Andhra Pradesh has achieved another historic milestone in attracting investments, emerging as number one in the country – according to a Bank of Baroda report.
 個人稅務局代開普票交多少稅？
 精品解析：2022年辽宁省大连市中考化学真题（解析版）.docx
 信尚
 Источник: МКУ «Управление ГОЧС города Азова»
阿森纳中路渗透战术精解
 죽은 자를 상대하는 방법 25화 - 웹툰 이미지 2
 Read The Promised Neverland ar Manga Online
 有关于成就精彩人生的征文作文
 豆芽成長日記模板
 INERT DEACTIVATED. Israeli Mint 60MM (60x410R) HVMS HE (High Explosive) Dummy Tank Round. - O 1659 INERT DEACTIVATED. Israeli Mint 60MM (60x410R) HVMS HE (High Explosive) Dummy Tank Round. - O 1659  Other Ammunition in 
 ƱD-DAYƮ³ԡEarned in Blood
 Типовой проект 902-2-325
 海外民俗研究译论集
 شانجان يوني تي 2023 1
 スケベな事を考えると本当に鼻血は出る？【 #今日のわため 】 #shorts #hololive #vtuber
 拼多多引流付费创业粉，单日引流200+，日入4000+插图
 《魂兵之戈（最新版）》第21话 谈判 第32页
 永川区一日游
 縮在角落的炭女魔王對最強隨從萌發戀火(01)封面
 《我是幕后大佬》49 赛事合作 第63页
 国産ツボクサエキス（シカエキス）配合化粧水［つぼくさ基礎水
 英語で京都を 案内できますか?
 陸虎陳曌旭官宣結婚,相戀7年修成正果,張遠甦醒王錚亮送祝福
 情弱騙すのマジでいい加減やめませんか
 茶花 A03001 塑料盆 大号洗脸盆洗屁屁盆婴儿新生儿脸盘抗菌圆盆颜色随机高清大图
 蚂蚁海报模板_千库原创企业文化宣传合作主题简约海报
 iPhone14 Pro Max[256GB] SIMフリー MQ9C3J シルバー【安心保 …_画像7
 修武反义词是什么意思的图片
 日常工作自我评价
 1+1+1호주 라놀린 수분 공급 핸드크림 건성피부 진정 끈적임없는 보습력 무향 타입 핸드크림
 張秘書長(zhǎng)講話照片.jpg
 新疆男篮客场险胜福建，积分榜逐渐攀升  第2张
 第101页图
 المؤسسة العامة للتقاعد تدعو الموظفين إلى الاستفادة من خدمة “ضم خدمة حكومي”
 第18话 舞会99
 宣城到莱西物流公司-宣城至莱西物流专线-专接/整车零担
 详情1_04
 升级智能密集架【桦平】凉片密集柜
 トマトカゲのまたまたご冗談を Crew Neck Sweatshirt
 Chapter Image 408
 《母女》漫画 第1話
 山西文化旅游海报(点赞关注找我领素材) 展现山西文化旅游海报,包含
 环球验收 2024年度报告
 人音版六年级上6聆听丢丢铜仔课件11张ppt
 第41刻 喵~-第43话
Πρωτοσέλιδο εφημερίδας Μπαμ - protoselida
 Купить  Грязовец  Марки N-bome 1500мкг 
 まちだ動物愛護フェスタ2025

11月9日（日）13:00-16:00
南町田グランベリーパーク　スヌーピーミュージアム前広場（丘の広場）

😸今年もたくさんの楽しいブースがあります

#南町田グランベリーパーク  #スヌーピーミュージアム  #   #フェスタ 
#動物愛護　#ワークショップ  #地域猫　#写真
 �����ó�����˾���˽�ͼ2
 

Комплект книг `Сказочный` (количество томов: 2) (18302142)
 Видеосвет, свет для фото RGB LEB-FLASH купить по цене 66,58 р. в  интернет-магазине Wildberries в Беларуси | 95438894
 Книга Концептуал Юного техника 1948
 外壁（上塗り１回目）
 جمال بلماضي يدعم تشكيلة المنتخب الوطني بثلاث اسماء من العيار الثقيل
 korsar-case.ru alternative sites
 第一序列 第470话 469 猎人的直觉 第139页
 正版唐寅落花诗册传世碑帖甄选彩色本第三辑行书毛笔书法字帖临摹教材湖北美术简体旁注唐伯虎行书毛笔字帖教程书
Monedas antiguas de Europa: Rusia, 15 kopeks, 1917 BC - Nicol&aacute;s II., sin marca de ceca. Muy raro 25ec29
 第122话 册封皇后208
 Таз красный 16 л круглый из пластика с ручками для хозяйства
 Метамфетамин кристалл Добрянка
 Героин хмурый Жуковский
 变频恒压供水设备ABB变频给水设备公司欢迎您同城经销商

Required action -
Where the word "南町田グランベリーパーク" appears in a line of the entries, copy that line.

Solution to the exercise -
南町田グランベリーパーク　スヌーピーミュージアム前広場（丘の広場）
#南町田グランベリーパーク  #スヌーピーミュージアム  #   #フェスタ 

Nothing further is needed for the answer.